• _REQUIRED WORK_:
Pictures do not belong in the output. Reproduce exactly the lines from the start of the records through the line with "Nera Marble Table".
(PROVIDED ENTRIES begins)
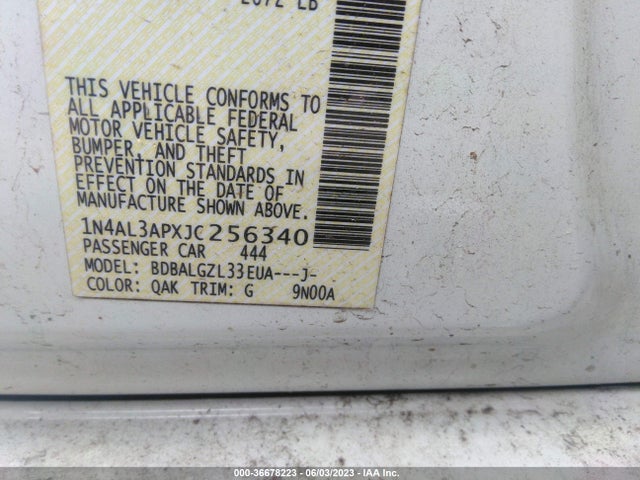2018 NISSAN ALTIMA 2.5 S VIN: 1N4AL3APXJC256340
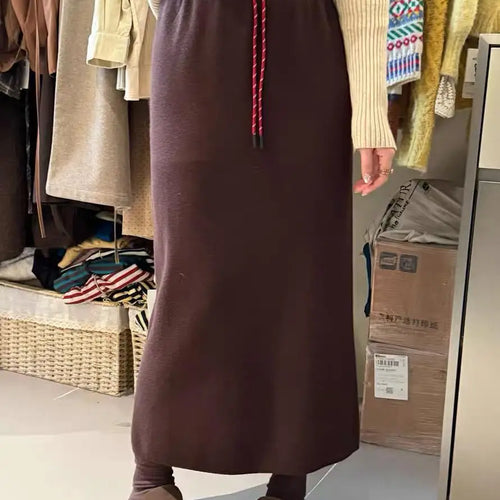 Load image into Gallery viewer, Korean Solid Drawstring Lace-up Elegant High Waist Long Skirt Women Versatile Split Skirt Streetwear 2024 Fashion Autumn Winter
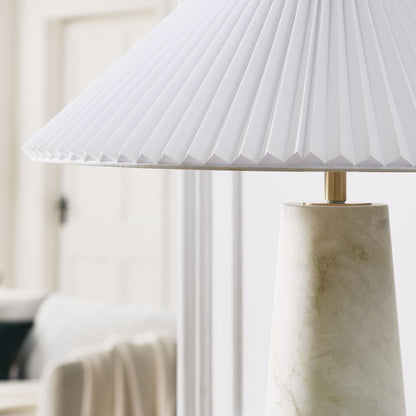 Nera Marble Table Lamp by Modway white pleated shade atop marble base with brass stem on Tampa Home & Garden Store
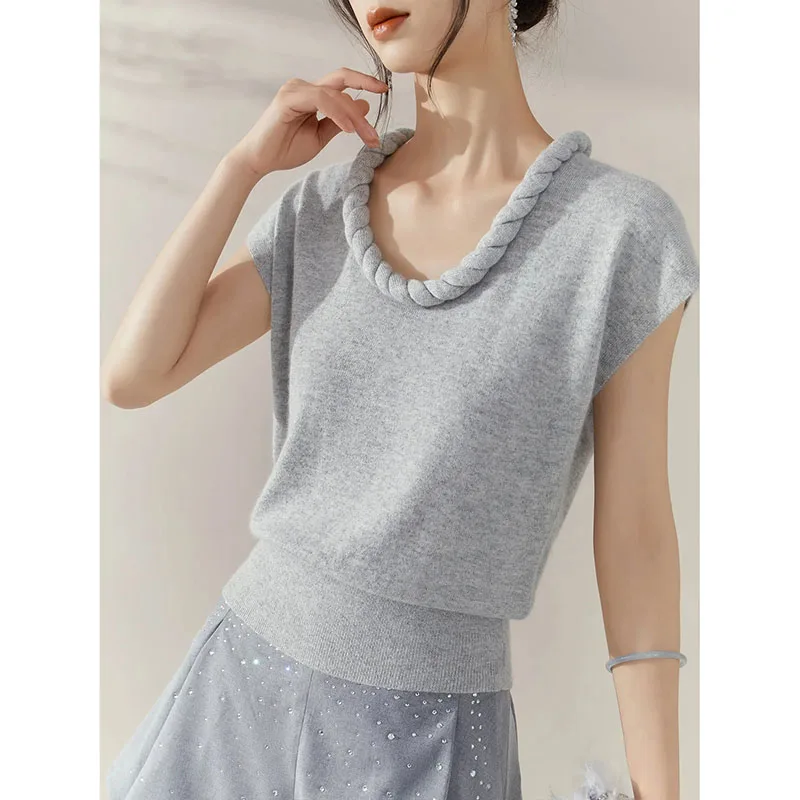 

Gray Cashmere Knitted Vest Women Crochet Flower Collar Sweater Tank Summer Wool Elegant Pullover Knitwear French
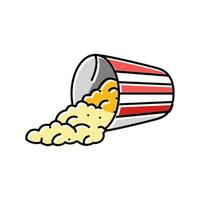 emmer popcorn gestreept doos kleur icoon vector illustratie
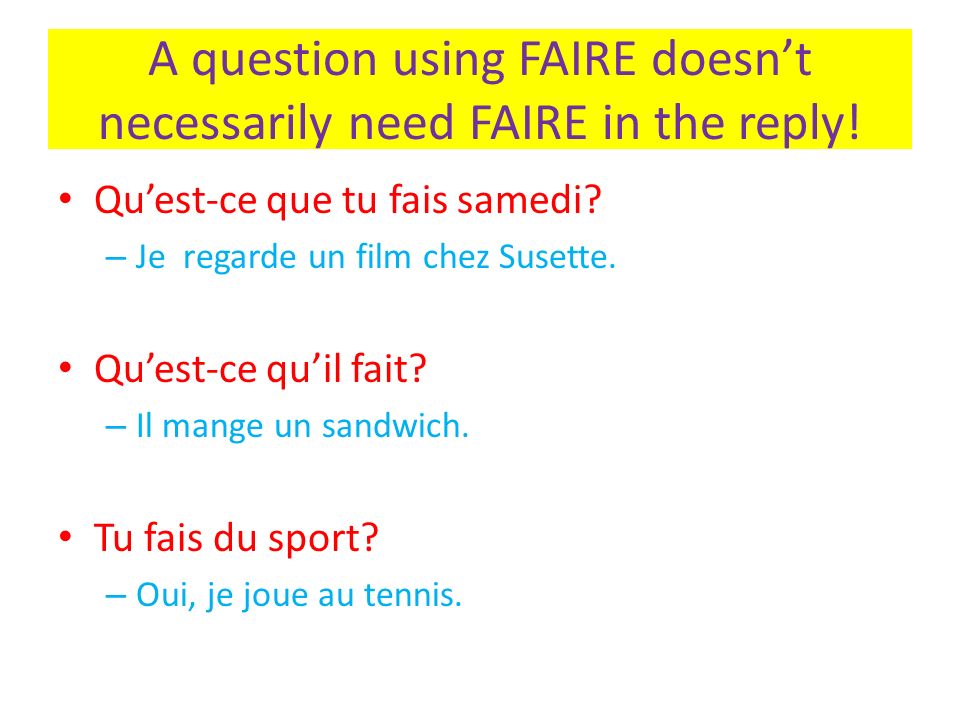 A question using FAIRE doesn’t necessarily need FAIRE in the reply!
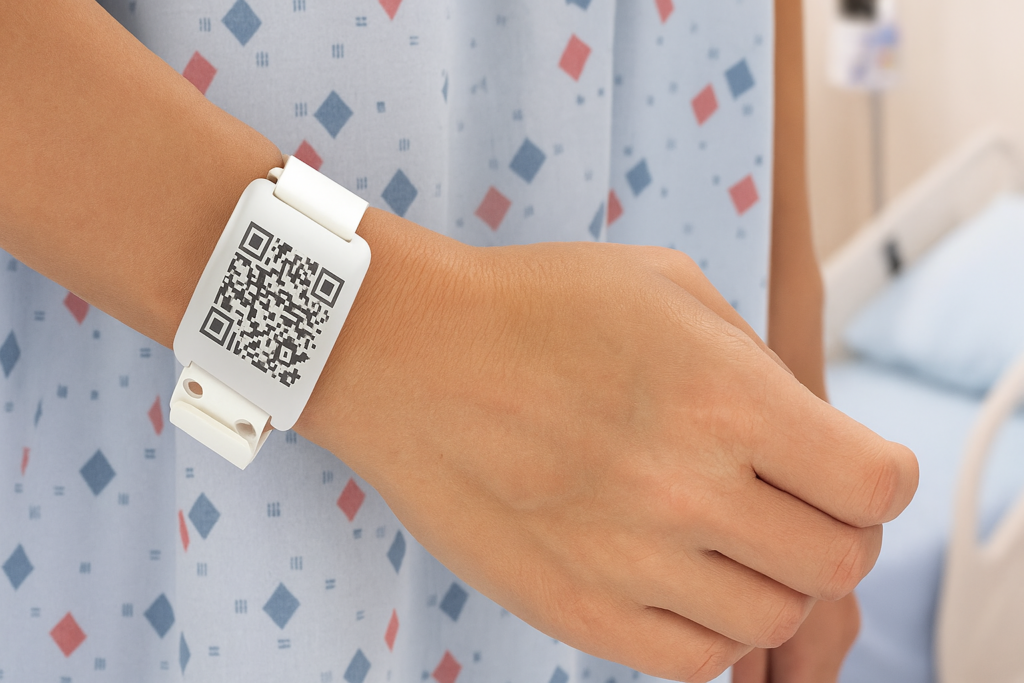 A patient wearing a QR Code bracelet in hospital setting.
(PROVIDED ENTRIES ends)
• _RESULT FOR THIS EXERCISE_:
2018 NISSAN ALTIMA 2.5 S VIN: 1N4AL3APXJC256340
 Load image into Gallery viewer, Korean Solid Drawstring Lace-up Elegant High Waist Long Skirt Women Versatile Split Skirt Streetwear 2024 Fashion Autumn Winter
 Nera Marble Table Lamp by Modway white pleated shade atop marble base with brass stem on Tampa Home & Garden Store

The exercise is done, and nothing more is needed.